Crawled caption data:
::::

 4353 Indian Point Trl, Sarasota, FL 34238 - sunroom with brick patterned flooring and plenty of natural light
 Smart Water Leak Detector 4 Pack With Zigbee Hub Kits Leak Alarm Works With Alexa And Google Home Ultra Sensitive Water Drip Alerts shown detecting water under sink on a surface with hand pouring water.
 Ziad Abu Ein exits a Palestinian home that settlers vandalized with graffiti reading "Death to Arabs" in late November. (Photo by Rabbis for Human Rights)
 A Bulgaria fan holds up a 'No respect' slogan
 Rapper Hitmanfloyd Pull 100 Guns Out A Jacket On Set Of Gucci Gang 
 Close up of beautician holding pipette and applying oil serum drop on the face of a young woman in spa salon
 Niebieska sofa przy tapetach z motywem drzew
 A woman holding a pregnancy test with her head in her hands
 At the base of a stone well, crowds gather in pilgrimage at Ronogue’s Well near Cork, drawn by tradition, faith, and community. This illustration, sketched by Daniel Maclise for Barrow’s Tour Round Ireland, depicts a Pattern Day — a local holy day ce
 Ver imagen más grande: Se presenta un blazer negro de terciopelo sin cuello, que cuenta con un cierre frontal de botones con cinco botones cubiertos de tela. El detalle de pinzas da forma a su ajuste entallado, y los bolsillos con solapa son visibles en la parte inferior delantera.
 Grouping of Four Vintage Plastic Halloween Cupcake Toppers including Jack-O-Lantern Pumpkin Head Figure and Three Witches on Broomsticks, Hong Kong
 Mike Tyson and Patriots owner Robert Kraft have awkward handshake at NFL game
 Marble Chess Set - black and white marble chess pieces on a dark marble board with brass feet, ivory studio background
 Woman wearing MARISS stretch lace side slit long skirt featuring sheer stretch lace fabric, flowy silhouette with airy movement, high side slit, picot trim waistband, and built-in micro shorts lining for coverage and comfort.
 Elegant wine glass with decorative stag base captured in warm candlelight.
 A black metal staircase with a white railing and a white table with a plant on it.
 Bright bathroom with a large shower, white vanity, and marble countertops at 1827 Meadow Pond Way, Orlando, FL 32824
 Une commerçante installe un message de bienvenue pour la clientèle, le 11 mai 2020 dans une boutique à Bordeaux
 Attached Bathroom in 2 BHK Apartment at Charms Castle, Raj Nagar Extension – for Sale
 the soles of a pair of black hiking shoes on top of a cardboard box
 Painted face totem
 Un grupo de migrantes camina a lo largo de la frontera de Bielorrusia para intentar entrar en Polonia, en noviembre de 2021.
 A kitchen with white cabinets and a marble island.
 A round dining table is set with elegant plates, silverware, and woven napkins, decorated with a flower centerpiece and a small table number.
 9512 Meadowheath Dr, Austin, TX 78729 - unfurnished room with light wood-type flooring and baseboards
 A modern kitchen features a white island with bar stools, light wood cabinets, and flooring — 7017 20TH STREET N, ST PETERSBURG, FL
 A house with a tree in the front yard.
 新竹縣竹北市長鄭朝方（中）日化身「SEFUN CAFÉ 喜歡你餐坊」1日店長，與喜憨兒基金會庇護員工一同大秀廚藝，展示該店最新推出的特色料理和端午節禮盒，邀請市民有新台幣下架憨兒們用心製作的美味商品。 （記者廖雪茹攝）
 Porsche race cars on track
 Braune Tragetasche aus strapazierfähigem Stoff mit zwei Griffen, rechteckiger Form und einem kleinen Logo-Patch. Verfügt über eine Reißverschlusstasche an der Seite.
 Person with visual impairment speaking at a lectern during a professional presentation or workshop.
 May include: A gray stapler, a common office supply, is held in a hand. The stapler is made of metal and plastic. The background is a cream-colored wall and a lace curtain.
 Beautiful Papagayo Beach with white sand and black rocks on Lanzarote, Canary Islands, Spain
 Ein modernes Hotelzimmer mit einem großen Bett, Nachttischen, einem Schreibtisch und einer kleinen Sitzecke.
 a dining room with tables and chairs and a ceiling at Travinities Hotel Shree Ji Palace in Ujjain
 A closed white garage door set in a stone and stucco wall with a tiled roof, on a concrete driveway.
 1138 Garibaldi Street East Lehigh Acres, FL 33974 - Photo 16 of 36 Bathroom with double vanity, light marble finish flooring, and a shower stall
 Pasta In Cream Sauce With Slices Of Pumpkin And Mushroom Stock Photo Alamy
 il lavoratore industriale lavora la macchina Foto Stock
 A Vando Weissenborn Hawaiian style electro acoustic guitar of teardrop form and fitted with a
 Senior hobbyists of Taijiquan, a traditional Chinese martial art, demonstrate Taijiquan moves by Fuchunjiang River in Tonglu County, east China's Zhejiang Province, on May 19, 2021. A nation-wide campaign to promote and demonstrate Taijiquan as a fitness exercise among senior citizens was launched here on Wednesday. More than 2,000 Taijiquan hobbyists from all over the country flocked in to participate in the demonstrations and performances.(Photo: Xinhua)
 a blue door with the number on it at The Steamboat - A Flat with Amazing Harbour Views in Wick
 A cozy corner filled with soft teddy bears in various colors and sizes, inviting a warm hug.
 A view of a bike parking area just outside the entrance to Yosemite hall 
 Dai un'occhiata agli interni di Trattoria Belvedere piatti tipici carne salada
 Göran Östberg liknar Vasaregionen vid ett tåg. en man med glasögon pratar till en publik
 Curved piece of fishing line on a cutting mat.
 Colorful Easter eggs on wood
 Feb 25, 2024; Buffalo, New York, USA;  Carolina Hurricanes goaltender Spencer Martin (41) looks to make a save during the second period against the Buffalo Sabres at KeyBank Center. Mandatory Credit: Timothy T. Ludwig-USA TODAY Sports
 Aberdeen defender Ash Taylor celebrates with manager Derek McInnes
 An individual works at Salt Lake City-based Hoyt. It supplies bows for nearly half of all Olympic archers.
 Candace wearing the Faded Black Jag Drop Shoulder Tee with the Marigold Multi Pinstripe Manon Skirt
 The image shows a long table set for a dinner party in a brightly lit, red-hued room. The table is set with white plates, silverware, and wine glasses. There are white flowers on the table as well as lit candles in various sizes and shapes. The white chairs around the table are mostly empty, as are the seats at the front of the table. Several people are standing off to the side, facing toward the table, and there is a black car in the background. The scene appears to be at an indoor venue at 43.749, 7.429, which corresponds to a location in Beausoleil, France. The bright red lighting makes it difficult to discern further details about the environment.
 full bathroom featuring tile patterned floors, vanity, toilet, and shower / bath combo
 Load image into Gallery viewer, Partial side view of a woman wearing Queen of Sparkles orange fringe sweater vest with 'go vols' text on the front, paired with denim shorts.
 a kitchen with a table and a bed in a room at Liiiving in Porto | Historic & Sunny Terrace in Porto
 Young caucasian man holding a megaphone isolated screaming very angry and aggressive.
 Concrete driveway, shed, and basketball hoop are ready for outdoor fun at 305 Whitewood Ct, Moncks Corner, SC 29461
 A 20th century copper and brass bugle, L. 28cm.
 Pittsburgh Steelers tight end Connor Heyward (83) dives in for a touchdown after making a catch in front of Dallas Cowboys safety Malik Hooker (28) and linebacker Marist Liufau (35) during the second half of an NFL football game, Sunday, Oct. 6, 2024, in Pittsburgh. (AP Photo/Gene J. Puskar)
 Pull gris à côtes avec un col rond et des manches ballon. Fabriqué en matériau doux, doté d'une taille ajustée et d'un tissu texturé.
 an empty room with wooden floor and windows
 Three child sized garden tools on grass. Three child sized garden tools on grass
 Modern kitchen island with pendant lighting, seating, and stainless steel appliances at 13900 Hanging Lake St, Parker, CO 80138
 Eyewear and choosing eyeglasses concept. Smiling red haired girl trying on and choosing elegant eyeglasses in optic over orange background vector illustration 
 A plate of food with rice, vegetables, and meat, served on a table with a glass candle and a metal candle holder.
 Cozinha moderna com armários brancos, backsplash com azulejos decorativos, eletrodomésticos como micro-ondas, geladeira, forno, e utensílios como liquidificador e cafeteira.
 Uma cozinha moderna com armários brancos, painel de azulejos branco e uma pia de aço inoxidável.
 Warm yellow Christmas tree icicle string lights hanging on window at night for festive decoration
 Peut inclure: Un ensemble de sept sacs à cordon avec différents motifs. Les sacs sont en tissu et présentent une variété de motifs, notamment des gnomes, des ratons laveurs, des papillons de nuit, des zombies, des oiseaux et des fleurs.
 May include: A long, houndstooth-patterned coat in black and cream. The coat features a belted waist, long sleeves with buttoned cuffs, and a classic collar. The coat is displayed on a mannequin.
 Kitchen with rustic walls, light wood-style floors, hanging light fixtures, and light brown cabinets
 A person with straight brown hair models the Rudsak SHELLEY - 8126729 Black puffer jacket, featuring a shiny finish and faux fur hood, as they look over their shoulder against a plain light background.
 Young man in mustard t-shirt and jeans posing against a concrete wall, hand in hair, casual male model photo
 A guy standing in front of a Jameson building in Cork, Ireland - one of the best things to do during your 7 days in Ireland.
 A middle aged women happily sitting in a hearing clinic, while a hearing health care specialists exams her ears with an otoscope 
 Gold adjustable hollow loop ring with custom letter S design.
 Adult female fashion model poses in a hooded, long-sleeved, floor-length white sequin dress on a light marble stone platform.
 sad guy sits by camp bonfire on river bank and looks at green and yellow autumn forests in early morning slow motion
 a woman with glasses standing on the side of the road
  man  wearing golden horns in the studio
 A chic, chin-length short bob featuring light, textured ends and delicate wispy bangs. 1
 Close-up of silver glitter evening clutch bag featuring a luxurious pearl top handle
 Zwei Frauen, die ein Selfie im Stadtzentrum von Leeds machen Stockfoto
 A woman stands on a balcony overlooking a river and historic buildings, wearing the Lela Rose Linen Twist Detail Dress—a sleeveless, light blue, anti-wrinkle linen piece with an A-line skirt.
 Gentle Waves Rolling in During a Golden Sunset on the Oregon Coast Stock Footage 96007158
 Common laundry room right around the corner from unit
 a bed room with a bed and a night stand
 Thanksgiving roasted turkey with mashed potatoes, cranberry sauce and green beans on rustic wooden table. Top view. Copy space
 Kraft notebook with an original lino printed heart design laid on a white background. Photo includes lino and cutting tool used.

::::

TASK BRIEF: From the records above, retype only the lines starting at the line that contains "Niebieska sofa przy tapetach z motywem drzew" and ending at the line that contains "A kitchen with white", both included.

ANSWER BELOW:
 Niebieska sofa przy tapetach z motywem drzew
 A woman holding a pregnancy test with her head in her hands
 At the base of a stone well, crowds gather in pilgrimage at Ronogue’s Well near Cork, drawn by tradition, faith, and community. This illustration, sketched by Daniel Maclise for Barrow’s Tour Round Ireland, depicts a Pattern Day — a local holy day ce
 Ver imagen más grande: Se presenta un blazer negro de terciopelo sin cuello, que cuenta con un cierre frontal de botones con cinco botones cubiertos de tela. El detalle de pinzas da forma a su ajuste entallado, y los bolsillos con solapa son visibles en la parte inferior delantera.
 Grouping of Four Vintage Plastic Halloween Cupcake Toppers including Jack-O-Lantern Pumpkin Head Figure and Three Witches on Broomsticks, Hong Kong
 Mike Tyson and Patriots owner Robert Kraft have awkward handshake at NFL game
 Marble Chess Set - black and white marble chess pieces on a dark marble board with brass feet, ivory studio background
 Woman wearing MARISS stretch lace side slit long skirt featuring sheer stretch lace fabric, flowy silhouette with airy movement, high side slit, picot trim waistband, and built-in micro shorts lining for coverage and comfort.
 Elegant wine glass with decorative stag base captured in warm candlelight.
 A black metal staircase with a white railing and a white table with a plant on it.
 Bright bathroom with a large shower, white vanity, and marble countertops at 1827 Meadow Pond Way, Orlando, FL 32824
 Une commerçante installe un message de bienvenue pour la clientèle, le 11 mai 2020 dans une boutique à Bordeaux
 Attached Bathroom in 2 BHK Apartment at Charms Castle, Raj Nagar Extension – for Sale
 the soles of a pair of black hiking shoes on top of a cardboard box
 Painted face totem
 Un grupo de migrantes camina a lo largo de la frontera de Bielorrusia para intentar entrar en Polonia, en noviembre de 2021.
 A kitchen with white cabinets and a marble island.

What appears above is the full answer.